Temporary Protected Status provides deportation relief and work permits to people already in the U.S. if their home countries experience a natural disaster, armed conflict or other extraordinary event.
The U.S. Homeland Security secretary has the authority to grant TPS to people from specific countries in increments of six to 18 months.
Two months before the status expires, the secretary must determine whether to renew it, expand it to include new arrivals from the country, or terminate it.
Congress created the program in 1990 after a spike in migrants fleeing civil war in El Salvador.
While the status is temporary in nature, many designations have been renewed for decades. TPS does not offer a path to citizenship, leaving many people on temporary status for years or decades.
HOW DID TRUMP APPROACH TPS IN HIS FIRST TERM?
During his first term, Trump’s administration sought to terminate most TPS enrollment, part of a broader crackdown on legal and illegal immigration.
The administration moved to end TPS for about 400,000 people from El Salvador, Haiti, Honduras, Nicaragua, Nepal and Sudan, who made up the vast majority of those in the program.
Federal courts blocked the effort, however, keeping the TPS designations in place throughout the Republican Trump’s first term ending in 2021.
WHAT HAPPENED UNDER BIDEN?
Joe Biden, a Democrat who took office in 2021, sought to preserve existing TPS enrollment and expand the program to include hundreds of thousands of migrants from other nations.
Biden granted TPS to people from Afghanistan, Cameroon, Ethiopia, Lebanon, Myanmar, Ukraine and Venezuela while expanding eligibility for Haitians and others.
Venezuelans made up the largest group with more than 600,000 eligible for the protections by the end of Biden’s term.

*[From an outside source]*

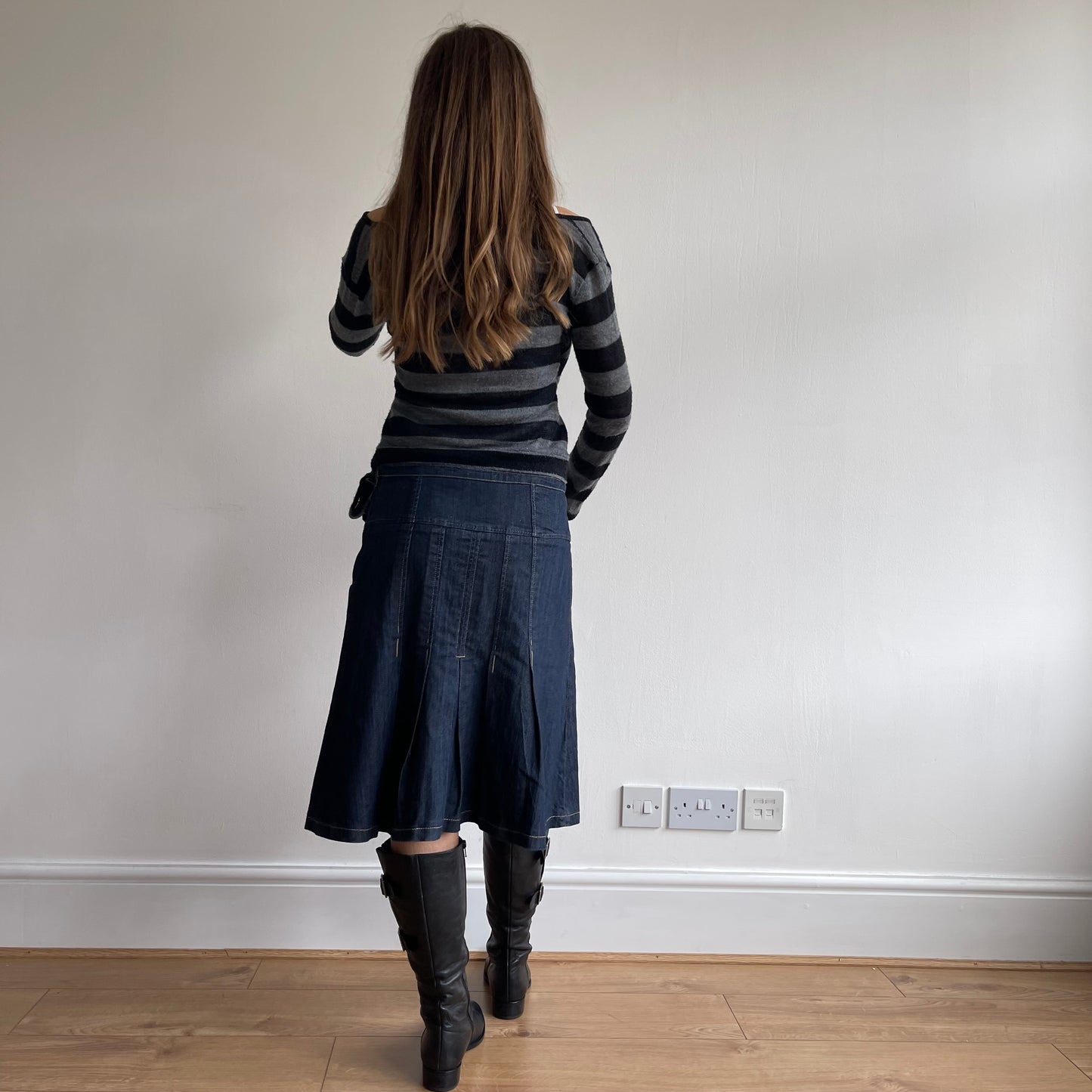 Black grey stripe ballet knit - Size M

In the days before Biden left office, then-Homeland Security Secretary Alejandro Mayorkas granted an additional 18 months of TPS to immigrants from El Salvador, Sudan, Ukraine and Venezuela, an unprecedented move apparently to help them remain in the U.S. after Trump took office.
Some 17 countries had TPS by the end of Biden’s presidency, up from 10 in 2020.
WHAT HAS TRUMP DONE SO FAR?
Kristi Noem, Trump’s Homeland Security secretary, rescinded the Biden-era extension of TPS for Venezuelans a little more than a week after Trump took office.
Noem said the new administration did not want to be bound by the last-minute Mayorkas decision to extend protections and wanted to root out alleged Venezuelan gang members.
She terminated TPS for about 348,000 Venezuelans in early February, putting them on a trajectory to lose deportation protections and work permits by April. The rest of the roughly 600,000 Venezuelans have protections due to expire in September, meaning Noem would make that decision in July.
Noem has rescinded the Biden-era extension of TPS for 521,000 Haitians so that the protections would expire in August barring any extension.
Noem decided in April to terminate TPS for 14,600 Afghans and 7,900 Cameroonians, the Department of Homeland Security said at the time. In a notice this month, DHS said the Afghanistan termination would take effect in July. Cameroonians are set to lose protections in June.
The Supreme Court order on Monday does not directly affect these other terminations but could make lower court judges more likely to allow terminations to proceed even if they are challenged in court.
WHAT HAS THE RESPONSE BEEN?
At least four lawsuits were filed challenging Noem’s moves to strip TPS protections for Venezuelans and Haitians.
A San Francisco-based federal judge in March blocked the Venezuela termination, saying the administration’s depiction of the migrants as criminals “smacks of racism.” The 9th U.S. Circuit Court of Appeals in April declined to pause the lower court’s order.
The Trump administration appealed to the Supreme Court, which on Monday issued the order allowing the termination to go forward while litigation is ongoing.
Conservative groups and Republicans have generally backed Trump’s efforts to end TPS, saying it should be used for short-term relief and not be renewed for decades.
But Republican U.S. Representative Maria Salazar, whose South Florida district is home to Cubans and Venezuelans who oppose Venezuela’s socialist government, co-sponsored a bipartisan bill this month that would grant Venezuelans an additional 18 months of TPS.
Refugee groups sharply criticized the decision to end TPS for Afghanistan, saying it would send Afghans back to danger under the Taliban-led government.